A new breakthrough could soon revolutionize the design of almost every optical instrument in use today, including cameras, eyeglasses and telescopes. Combining recent developments in artificial muscle and flat lens technologies, a team of researchers at the Harvard John A. Paulson School of Engineering and Applied Sciences (SEAS) have created a new lens that functions a lot like the human eye. Not only is the instrument capable of focusing in real-time thanks to an elastomer muscle, it features none of the bulk of a traditional spherical lens. It can even do some things the human eye can't, including adjusting for astigmatism and image shift, two variables that lead to blurry vision.

All of this is thanks to an earlier technology a team of some of the same researchers developed. The flat lens design this new artificial eye takes advantage of is called a metalens. It uses tiny nanostructures to focus light. In this way, it's able to focus the entire visible light spectrum at a single point. By contrast, traditional lenses use multiple elements to achieve the same feat, which is why they get so bulky.

Prior to this latest breakthrough, the SEAS team says they were only able to manufacture metalenses that were "the size of a piece of glitter." By contrast, their latest invention is larger at approximately one centimeter in diameter Bigger, in this case, is better because it makes it more feasible to use the technology in a host of modern applications.
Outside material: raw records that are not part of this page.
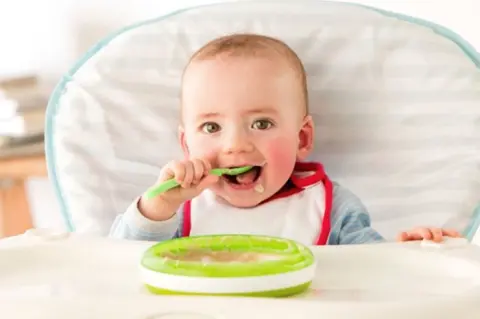 Mumsandbabes - Meniup Makanan Bayi Sesungguhnya Tidak Dianjurkan, Akan Menularkan Bakteri Ini!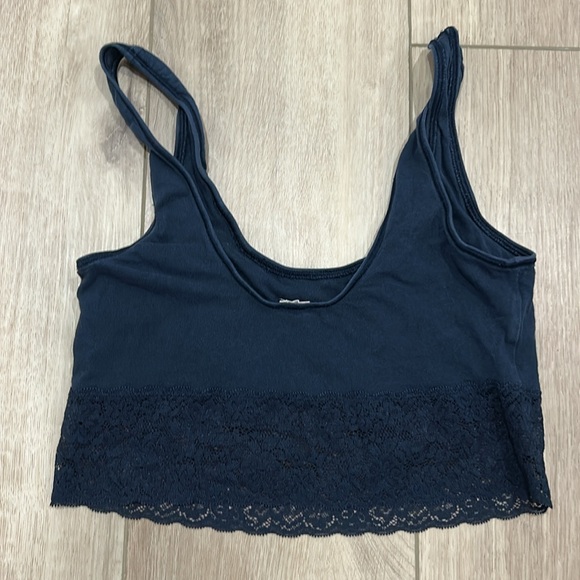 Hollister Unlined Lace Bralette - Picture 2 of 6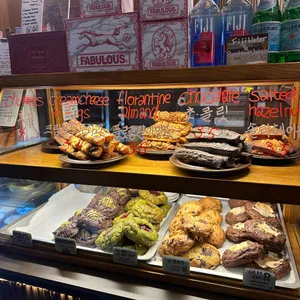 더 스팟 패뷸러스 사진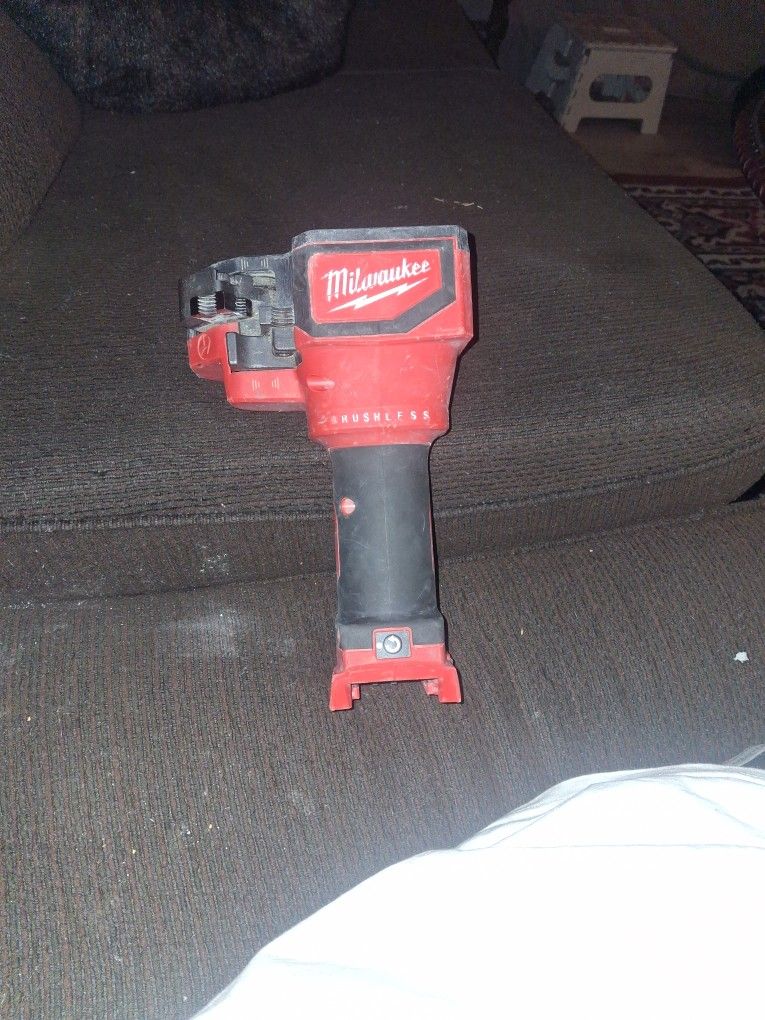 Milwaukee Rod Cutter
With cameras, for instance, a lens needs to be big enough to cover a sensor so that there's no vignetting.

As with any new technology, it'll likely be years before metalenses make their way to consumer gadgets. However, their potential is unmistakable. Combined with even smaller computer chips, something like virtual and augmented reality headsets could become small and comfortable enough where the technology becomes appealing to the average consumer.